The FDA announced today new warnings on the Genentech psoriasis drug Raptiva (efalizumab) following reports of four cases of hemolytic anemia diagnosed four to six months after patients started on the monoclonal antibody.
Two of the cases occurred in clinical trials of Raptiva, and two were reported as postmarketing events, the FDA said.
In a “Dear Healthcare Provider” letter issued July 20, Genentech reported that in two severe cases, hemoglobin levels dropped to 6 and 7 g/dL. “A causal relationship between Raptiva and these events has not been established but cannot be excluded,” the letter said.

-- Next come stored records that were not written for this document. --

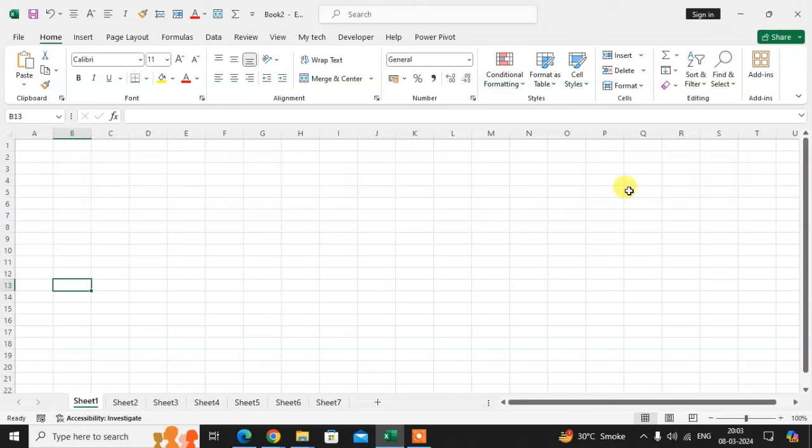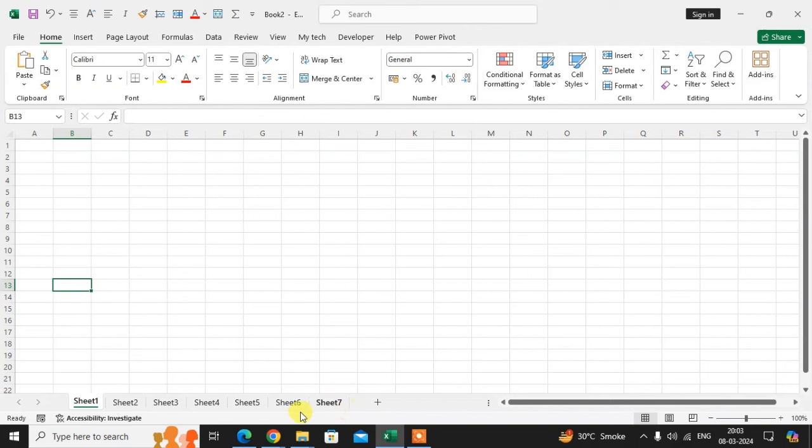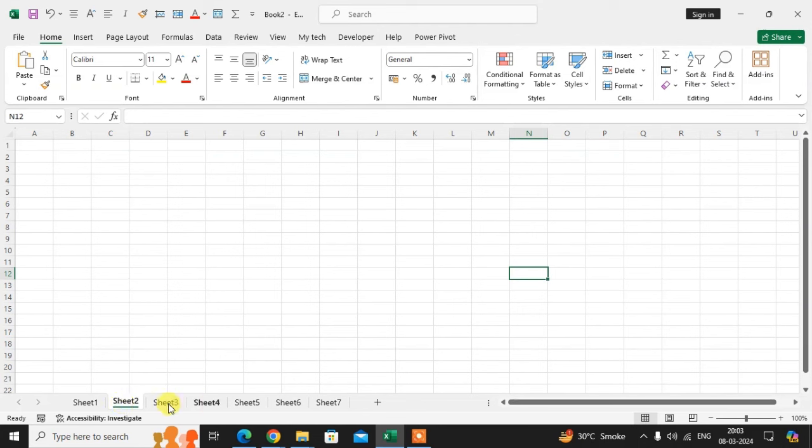In this video we will learn how to copy data to another sheet automatically in Excel. This is my Excel sheet. I have a number of seven sheets here. I use the first sheet. When I click on any sheet, the sheet is selected.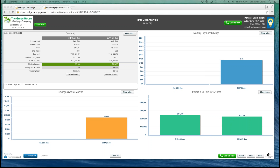What I want to do today is spend some time talking in detail about how to actually use Mortgage Coach, incorporate it into your everyday way of doing business, building out that total cost analysis. I want to start by explaining the total cost analysis to you. The total cost analysis is broken down into four different quadrants.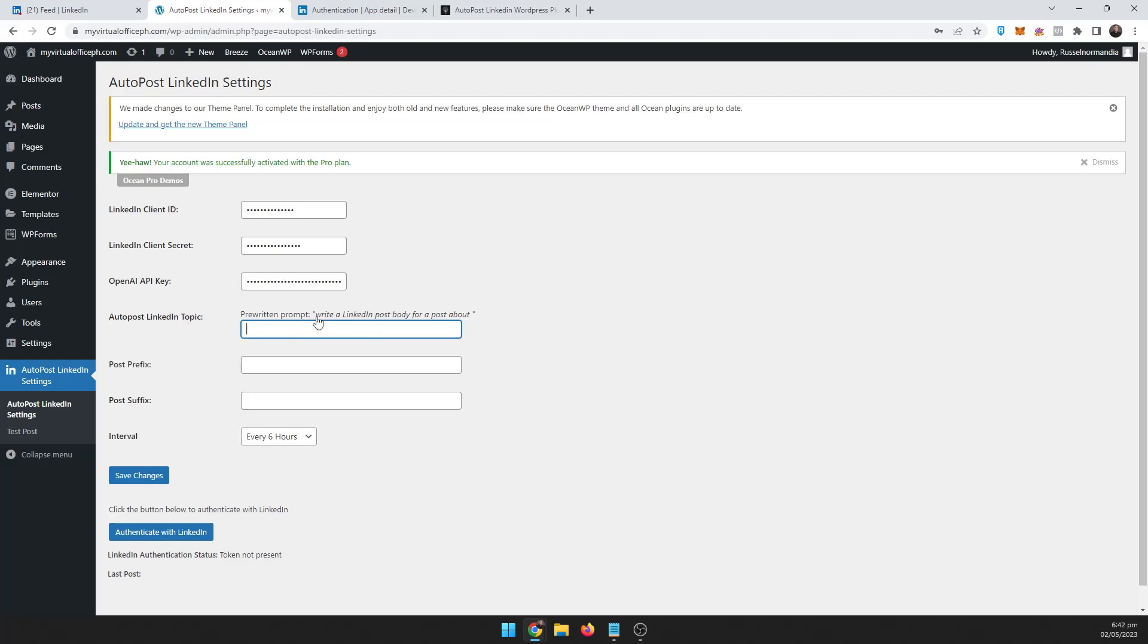There's a pre-written prompt here: 'Write a LinkedIn post body for a post about' and then you write what it's about. So let me just put something motivational and inspirational.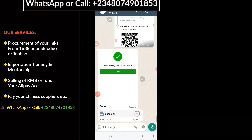When you successfully download the app, you can proceed to access the Pinduoduo app with your WeChat account. You can see the app is being downloaded — it's just about 88 megabytes.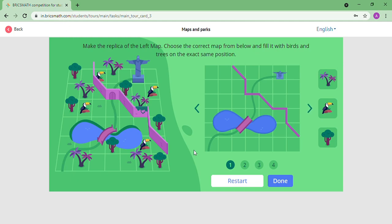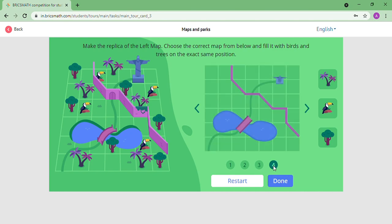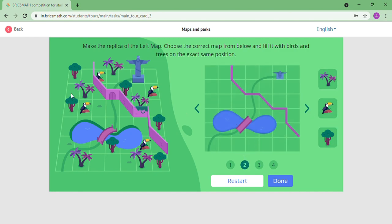This is a map replica — this is not matching, so this is not my correct map. Is this correct? This direction, this direction, yes, this is correct. Let me check the second one — it's correct. Let me check the third and fourth one. The third one is different, the fourth one is also the same but placed differently. So the second one will be my correct map.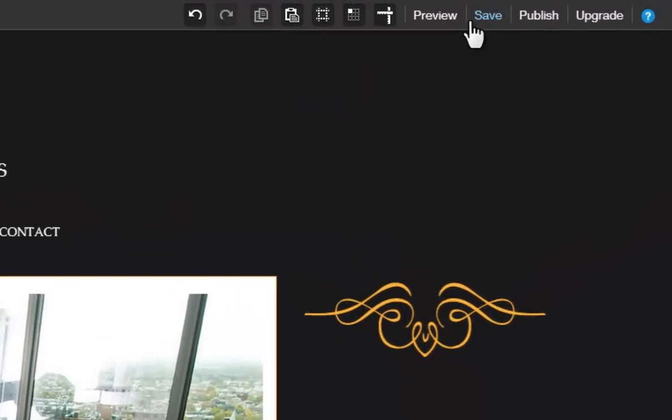The Save button will save your site. Remember to do this every so often so you do not lose any work.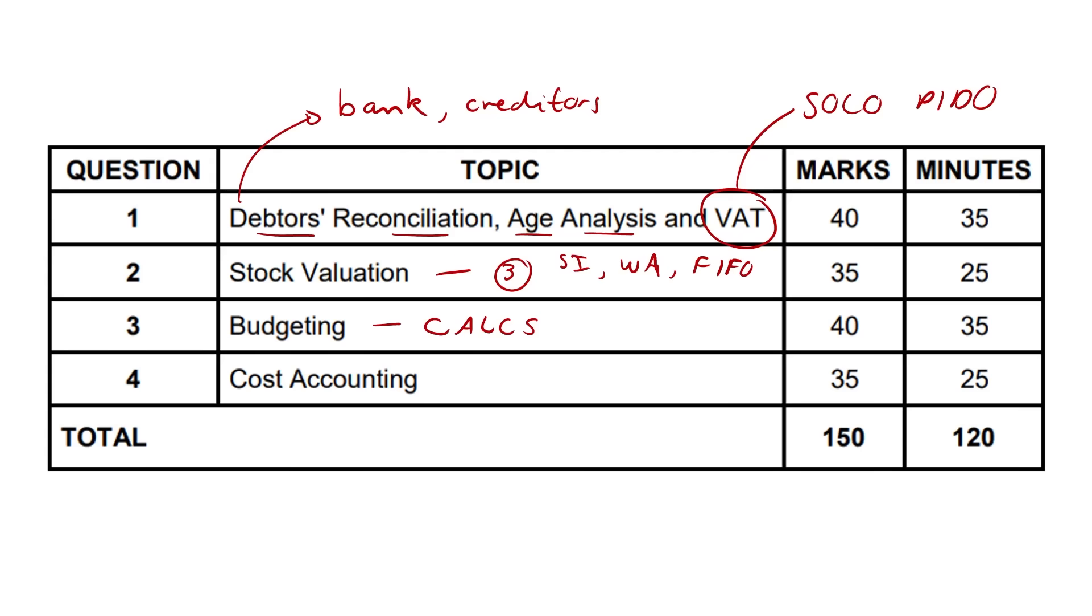And look, from a lot of my private kids, because I do a lot of one-on-one tutoring as well, I get this whole panic attack from a lot of my matrics. Are they going to ask periodic and perpetual ledger accounts? No, but you need to have a basic reading knowledge of it for stock valuation, I would say.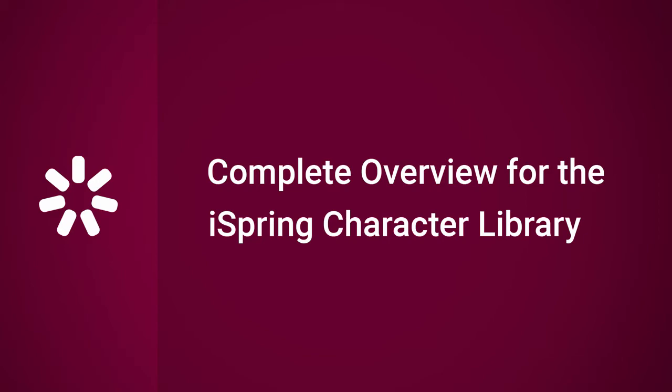Hey everybody, it's Brian from iSpring. We've recently had some updates to the iSpring character library, which change how you access it, so let me show you how that works.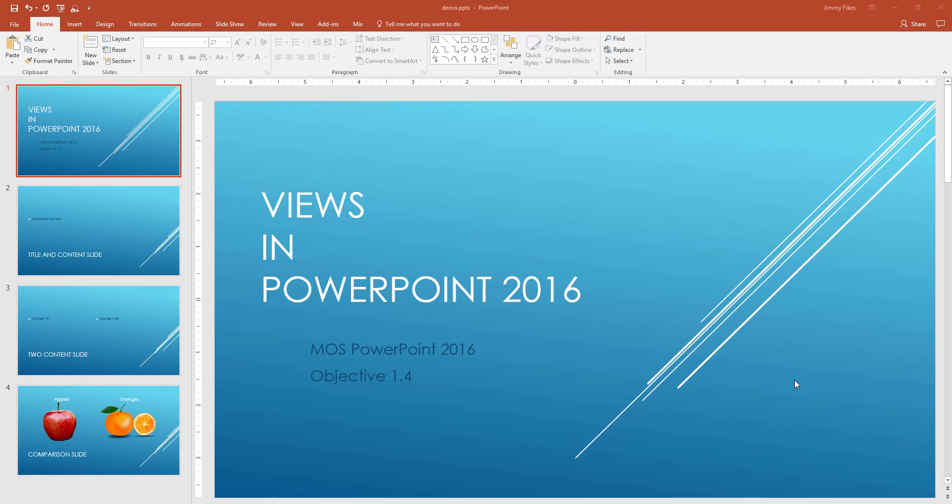There are a few different kinds of views in PowerPoint. Now a view simply means the way that you go about taking a look at something.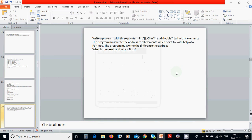Hello everyone. In this tutorial we are going to write a program with three different pointers: a pointer of integers, a pointer of char, and a pointer of double. All of them have four elements each. We are going to write the address of all elements which they are pointing, and the difference of the addresses. A char has one byte so the difference will be one, an integer has four bytes so the difference will be four, and a double has eight bytes so the difference will be eight.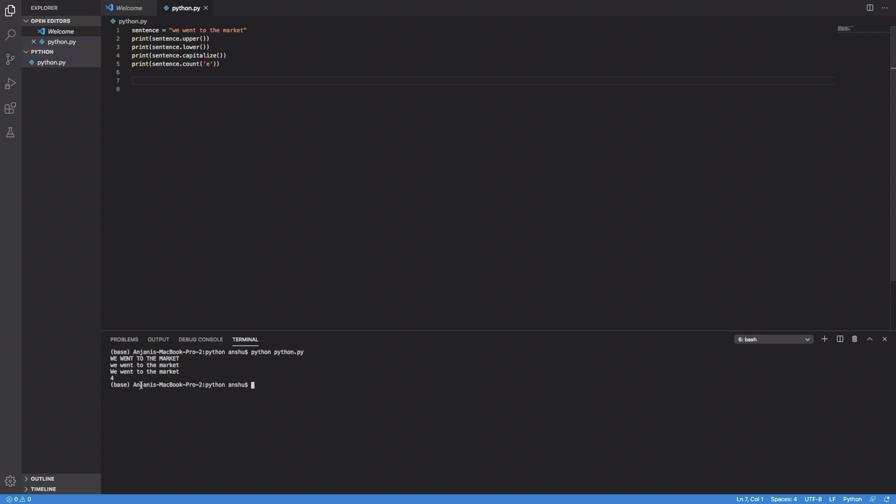And in the last output, you can see we have a number, the number 4, so whenever we use the count function, we ask for all the instances of a particular string e, so over here, I can see 1, 2, 3, 4, 4 e's, and that's the reason we are able to see a 4 as an output.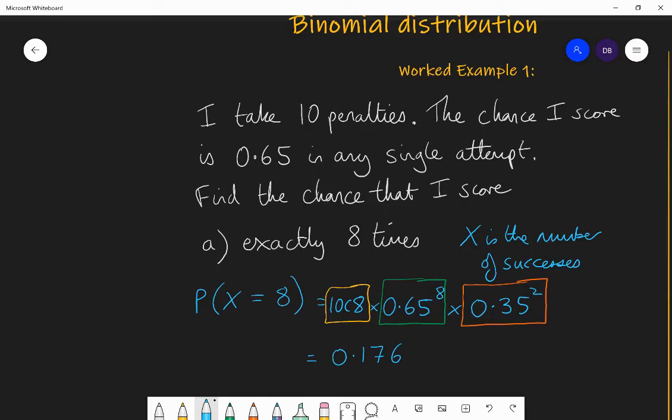So around an 18% chance that I will score eight times from the 10 penalties — not very likely, but not out of the realms of possibility.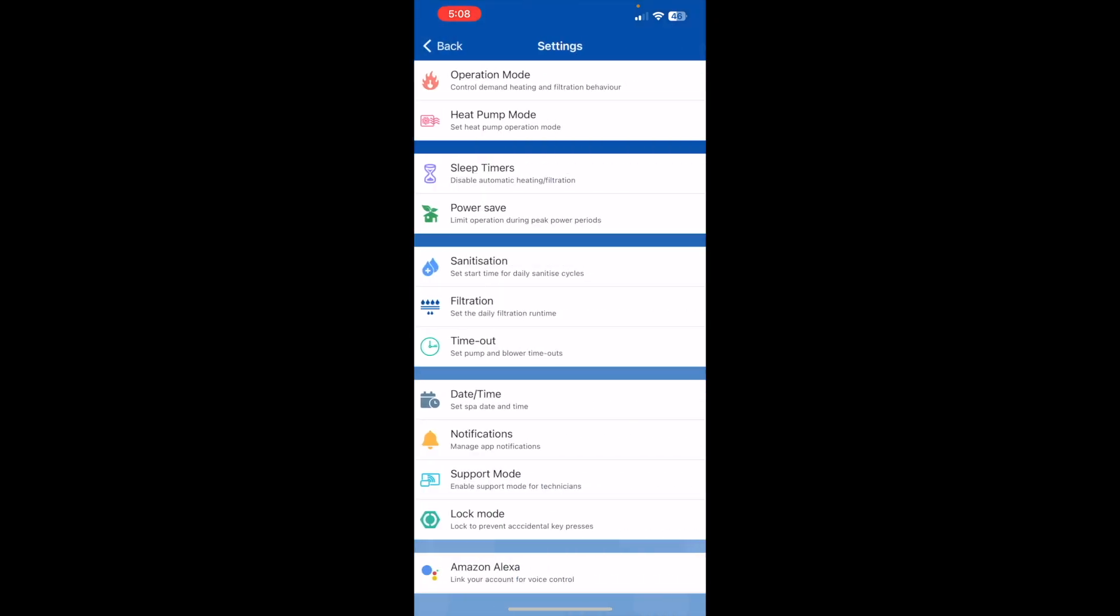And in here you've got full control over your sleep settings, power save, filtration, date and time, etc. The only thing you can't do with a SPA is turn it off and on.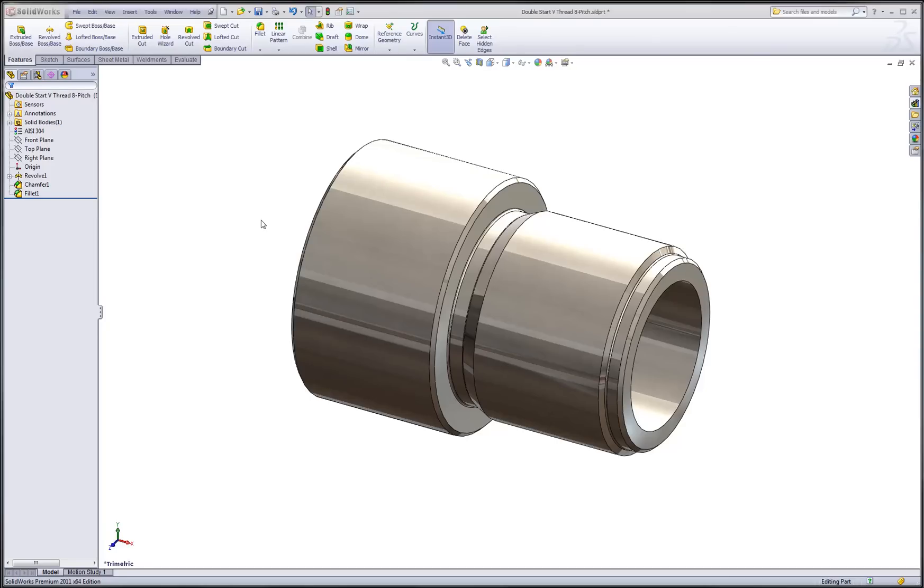Welcome to part two on my series of tech tips on creating threaded features. In this example, we'll create what I'll call simplified threads, or a 2.5D type of thread. To do this, we'll use a revolved cut rather than sweeping an actual 3D profile.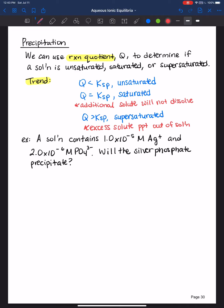Let's work an example problem. Say we have a solution containing 1×10⁻⁵ M silver cations and 2×10⁻⁶ M phosphate ions — will silver phosphate precipitate? We've seen Q before when discussing equilibrium; the clue to use Q is the question 'is the reaction at equilibrium, and which direction should it proceed?' Here, more specifically, when you see 'will an ionic compound precipitate out of solution,' that tells you to calculate Q, because Q tells you if you have an unsaturated, saturated, or supersaturated solution relative to KSP.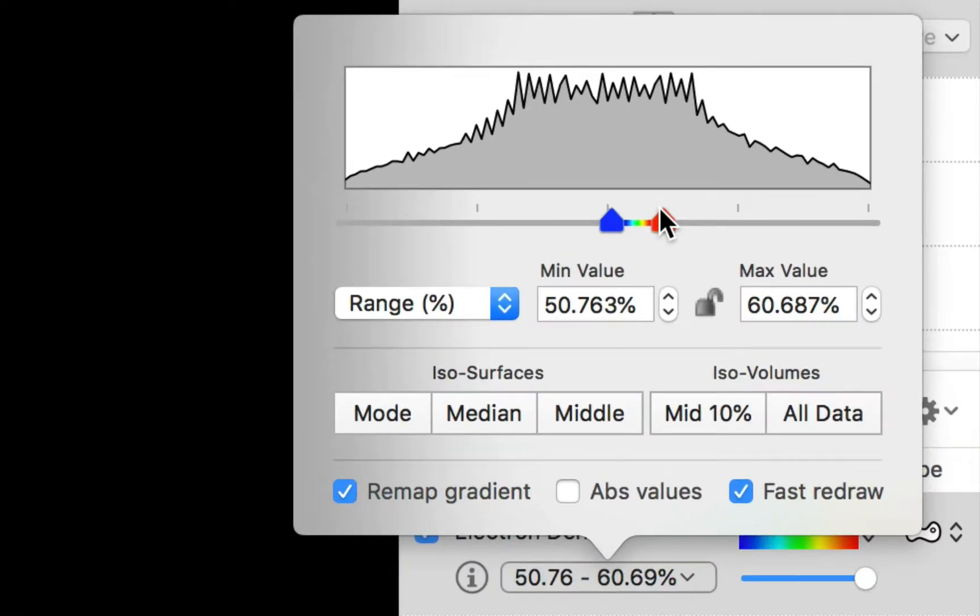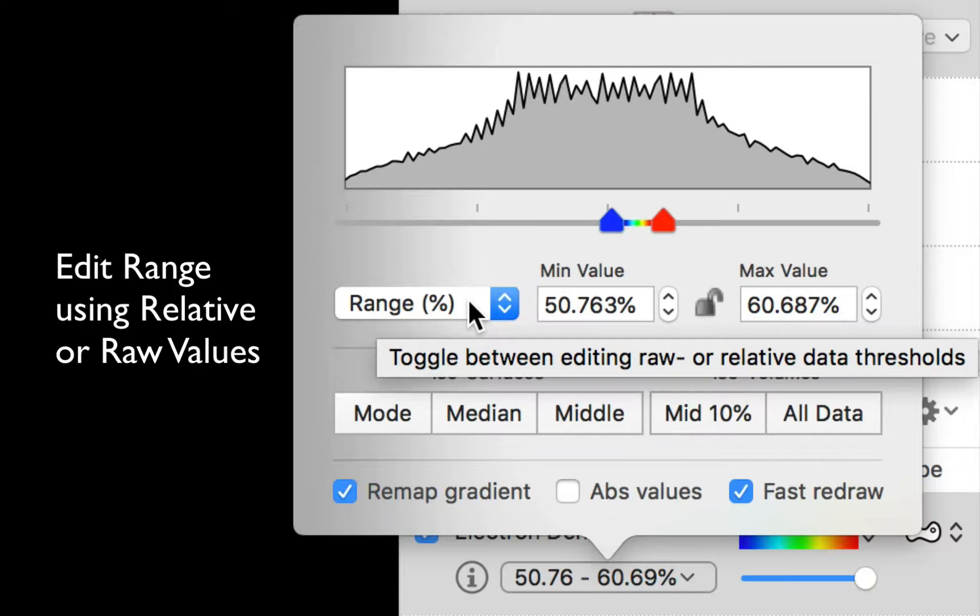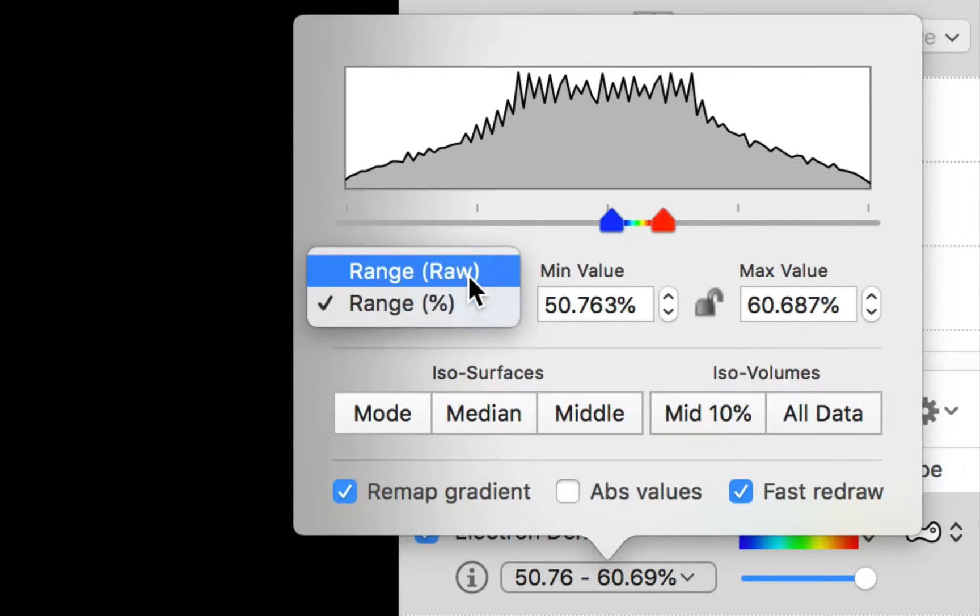Now you can be a little bit more precise by using the controls underneath the slider. There is a range pop-up which lets you toggle between adjusting relative values as percentages of the overall data range or original raw values.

The package insert for Raptiva was amended to include a warning to discontinue the drug should hemolytic anemia occur. In addition, the information sheet has been updated to include inthe warnings section news of postmarketing reports of necrotizing fasciitis, tuberculous pneumonia, bacterial sepsis with seeding of distant sites, severe pneumonia with neutropenia, and worsening of infections such as pneumonia despite antimicrobial therapy.
Raptiva is a humanized monoclonal antibody targeted toward the hyperproliferative pathology of psoriasis. Because it is an immunosuppressive agent, it “has the potential to increase the risk of infection and reactivate latent, chronic infections,” the label cautions.
Serious infections and malignancies reported in patients taking Rapitva include malignant melanoma and non-melanoma skin cancer, non-cutaneous solid tumors, and lymphomas, the package information reports.